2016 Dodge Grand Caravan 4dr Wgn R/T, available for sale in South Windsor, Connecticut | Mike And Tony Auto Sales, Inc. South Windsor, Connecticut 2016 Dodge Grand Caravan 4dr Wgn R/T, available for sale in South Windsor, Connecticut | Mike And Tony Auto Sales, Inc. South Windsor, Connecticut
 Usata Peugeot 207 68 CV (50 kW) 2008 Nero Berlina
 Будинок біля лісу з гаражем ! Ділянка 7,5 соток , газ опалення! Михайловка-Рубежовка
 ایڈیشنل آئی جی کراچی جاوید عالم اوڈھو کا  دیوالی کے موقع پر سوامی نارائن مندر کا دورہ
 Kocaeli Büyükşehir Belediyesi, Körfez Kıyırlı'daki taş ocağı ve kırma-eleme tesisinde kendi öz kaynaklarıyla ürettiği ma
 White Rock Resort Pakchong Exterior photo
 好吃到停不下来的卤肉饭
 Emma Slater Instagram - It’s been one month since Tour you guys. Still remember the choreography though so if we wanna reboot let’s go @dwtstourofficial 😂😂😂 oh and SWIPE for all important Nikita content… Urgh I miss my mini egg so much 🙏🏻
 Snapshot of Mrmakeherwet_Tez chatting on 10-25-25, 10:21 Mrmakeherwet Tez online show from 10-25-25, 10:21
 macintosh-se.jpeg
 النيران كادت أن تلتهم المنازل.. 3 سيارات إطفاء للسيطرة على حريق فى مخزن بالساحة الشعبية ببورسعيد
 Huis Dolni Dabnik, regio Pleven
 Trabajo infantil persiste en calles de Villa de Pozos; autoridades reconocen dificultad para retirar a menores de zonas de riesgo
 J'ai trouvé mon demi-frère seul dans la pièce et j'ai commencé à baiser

■ **TO DO**
The records above should be printed exactly, please, from the first line through the line containing "Usata Peugeot 207", with both ends kept and nothing past it.

■ **EXPECTED ANSWER**
2016 Dodge Grand Caravan 4dr Wgn R/T, available for sale in South Windsor, Connecticut | Mike And Tony Auto Sales, Inc. South Windsor, Connecticut 2016 Dodge Grand Caravan 4dr Wgn R/T, available for sale in South Windsor, Connecticut | Mike And Tony Auto Sales, Inc. South Windsor, Connecticut
 Usata Peugeot 207 68 CV (50 kW) 2008 Nero Berlina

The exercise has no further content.